Kedua, Markas Istanbul, bertugas memainkan peranan jangka pendek, yaitu
memukul telak khalifah.
Kedubes negara Eropa pun mulai aktif menjalin hubungan dengan orang
Arab. Di Kairo dibentuk Partai Desentralisasi yang diketuai Rofiqul
'Adzim. Di Beirut, Komite Reformasi dan Forum Literal dibentuk. Inggris
dan Prancis mulai menyusup ke tengah orang Arab yang memperjuangkan
nasionalisme. Pada 8 Juni 1913 M, para pemuda Arab berkongres di Paris
dan mengumumkan nasionalisme Arab. Dokumen yang ditemukan di Konsulat
Prancis di Damsyik telah membongkar rencana pengkhianatan kepada
khalifah yang didukung Inggris dan Prancis.

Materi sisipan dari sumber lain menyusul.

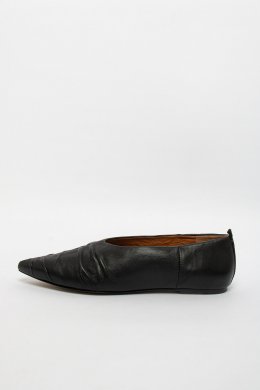 Туфли на плоской подошве 18.07.2025 Newlife.moda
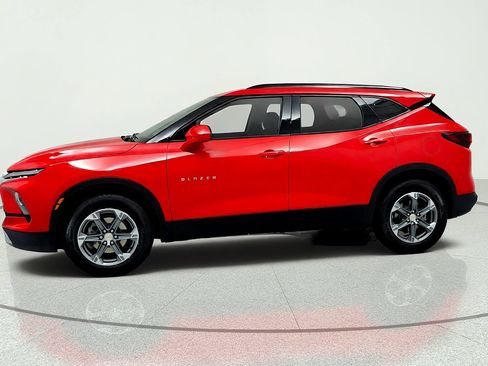 Used 2024 Chevrolet Blazer LT w/ Convenience Package AWD/4WD image 2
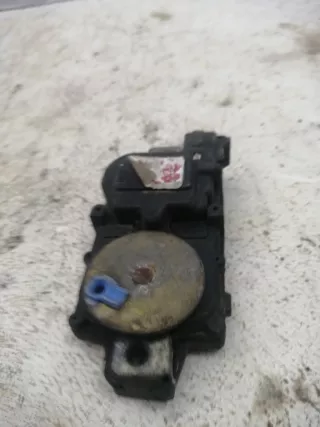 9573029001 Активатор замка двери передней правой Hyundai Lantra 2 Арт 5748671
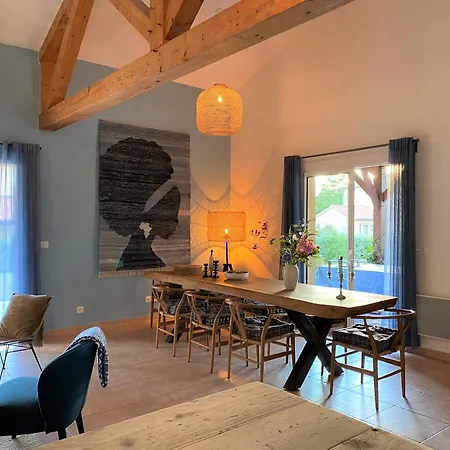 Private Luxury With Big Garden On Park With Swimming Pool - Golf And Restaurant Nearby *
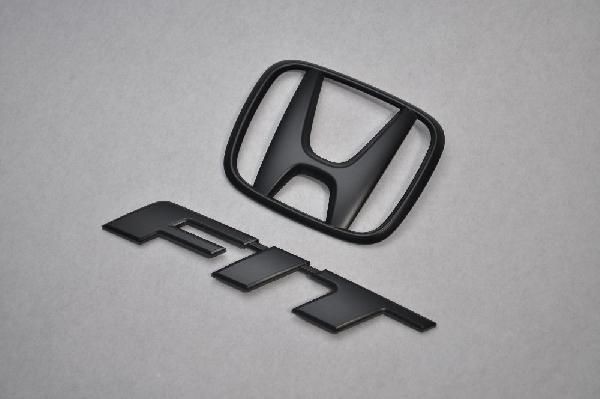 ホンダ　マットブラック/ピアノブラック　エンブレム　送料無料　ＧＥ８系　フィット　リア２点ＳＥＴ　カーパーツ　純正　メッキの通販は 10,500円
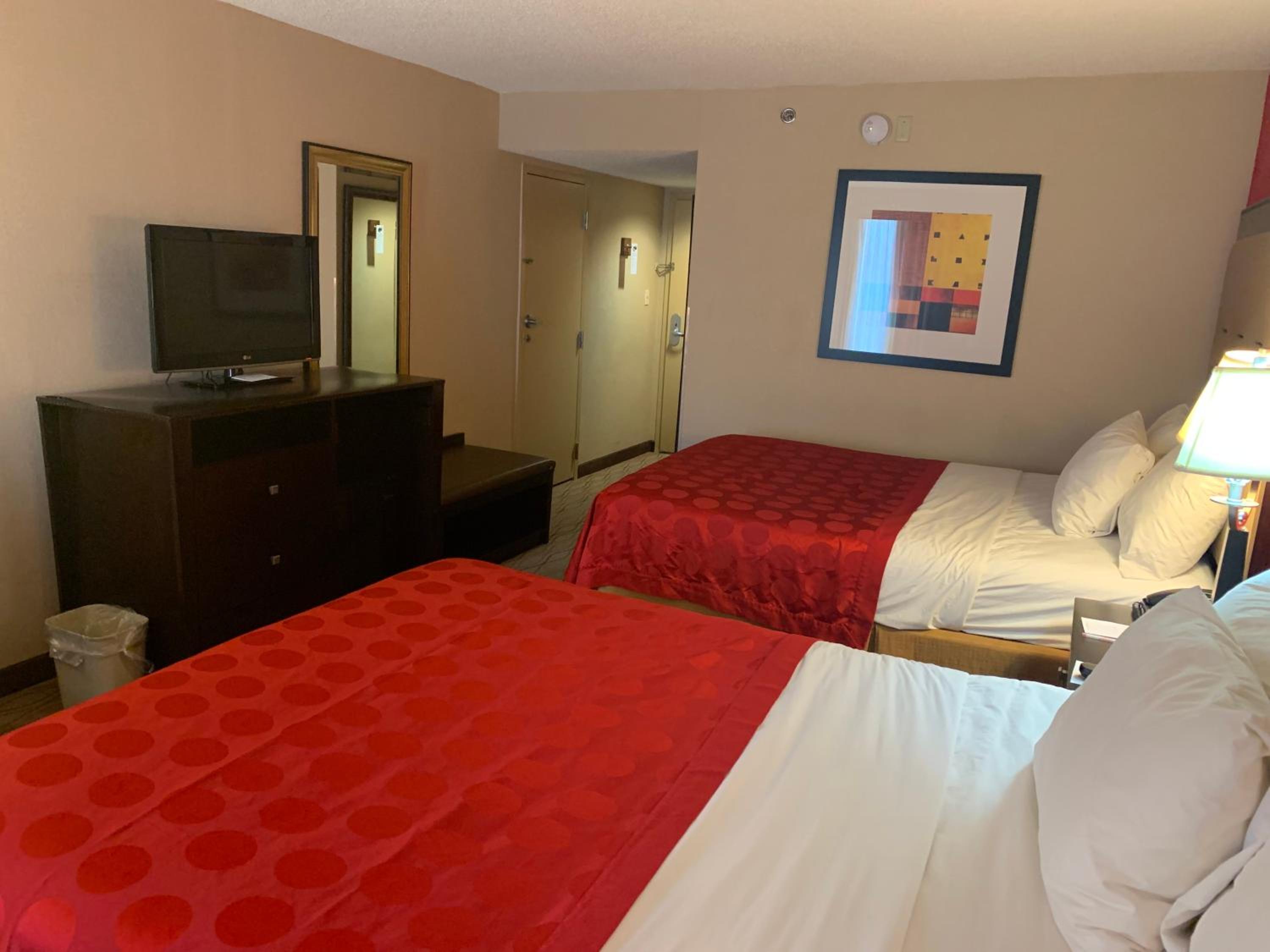 Queen Room With Two Queen Beds - Non-Smoking - Photo 1
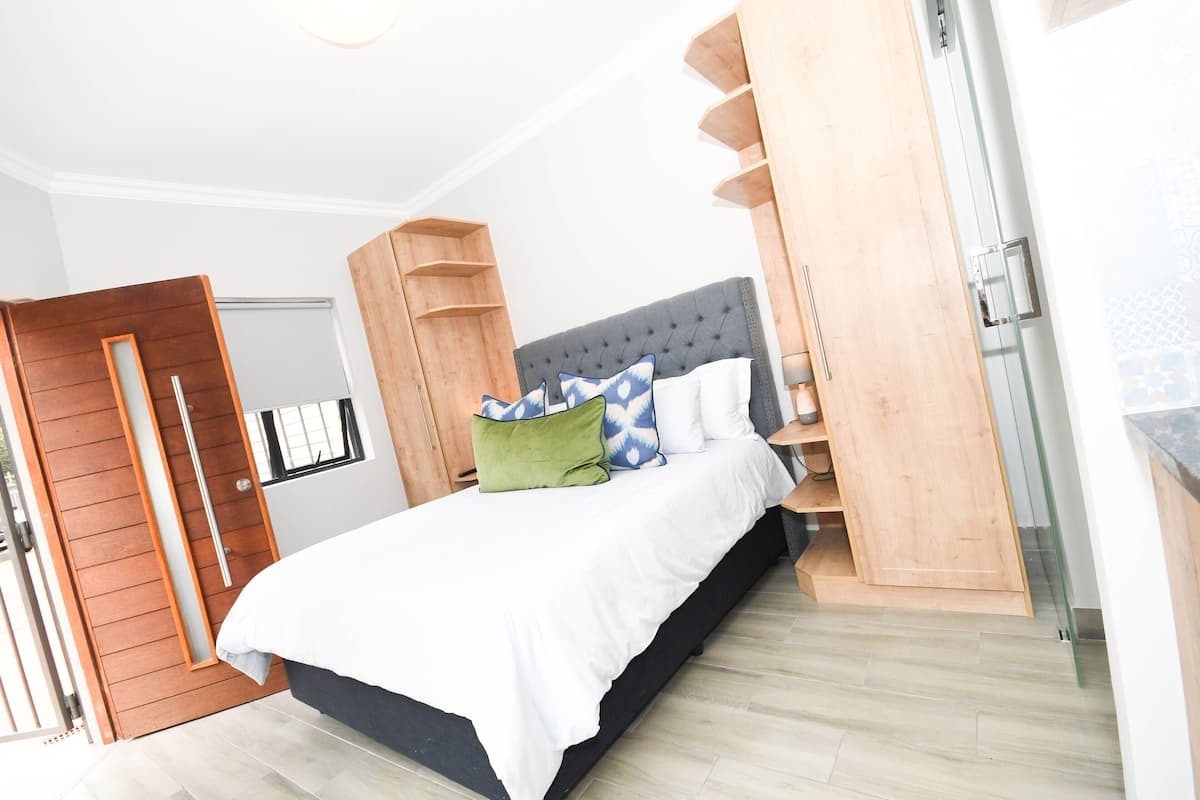 Individually furnished, laptop workspace, blackout curtains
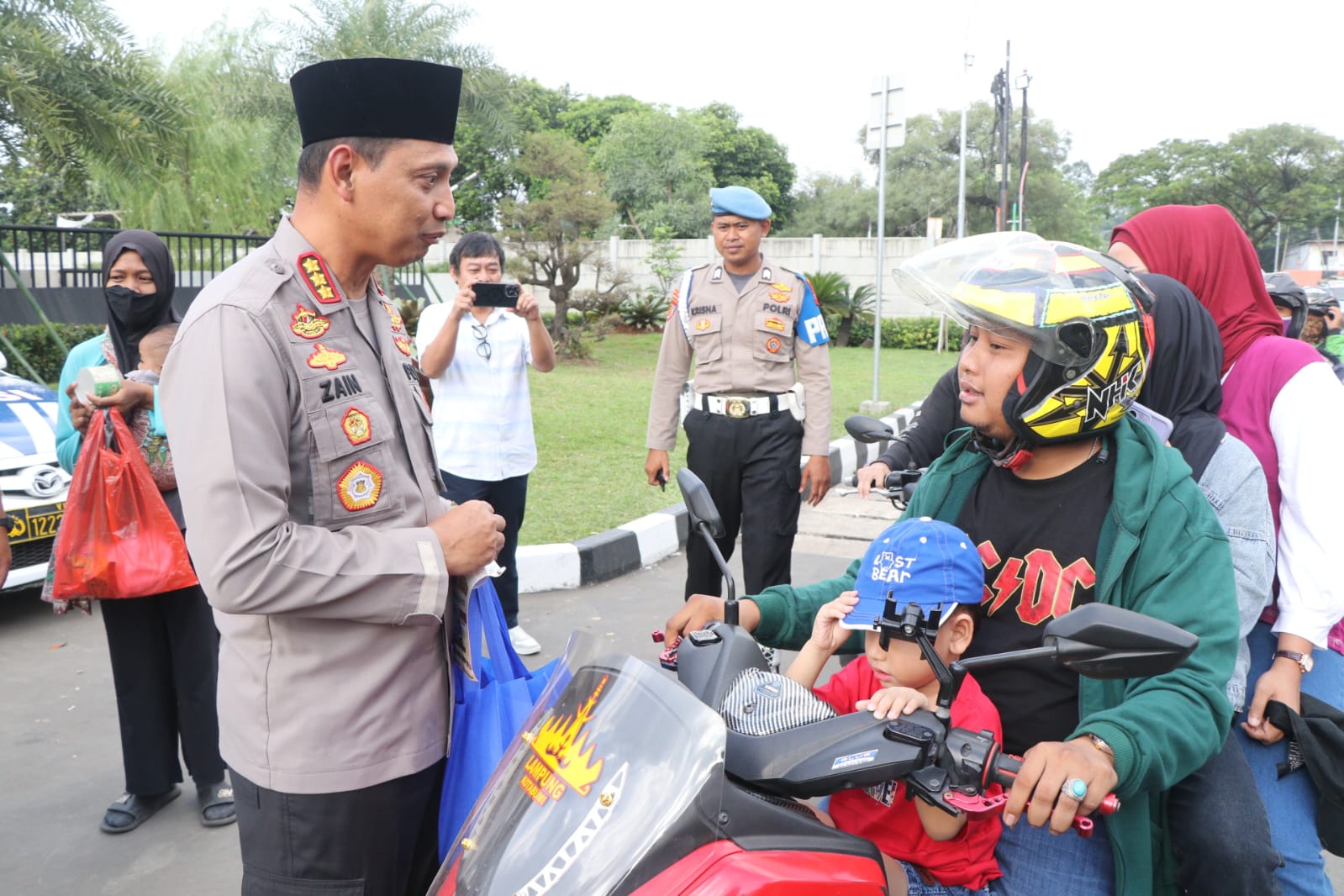 Tingkatkan Kebersamaan di Bulan Ramadhan, Polres Metro Tangerang Kota Berbagi Takjil dan Berbuka Puasa Bersama Media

Di Markas Istanbul, negara-negara Eropa tak hanya puas merusak
putra-putri umat Islam di sekolah dan universitas lewat propaganda.
Mereka ingin memukul khalifah dari dekat secara telak. Caranya ialah
mengubah sistem pemerintahan dan hukum Islam dengan sistem pemerintahan
Barat dan hukum kufur. Kampanye mulai dilakukan Rasyid Pasha, MenLu
zaman Sultan Abdul Mejid II (1839 M). Tahun itu juga, Naskah
Terhormat(Kholkhonah) yang dijiplak dari UU di Eropa diperkenalkan.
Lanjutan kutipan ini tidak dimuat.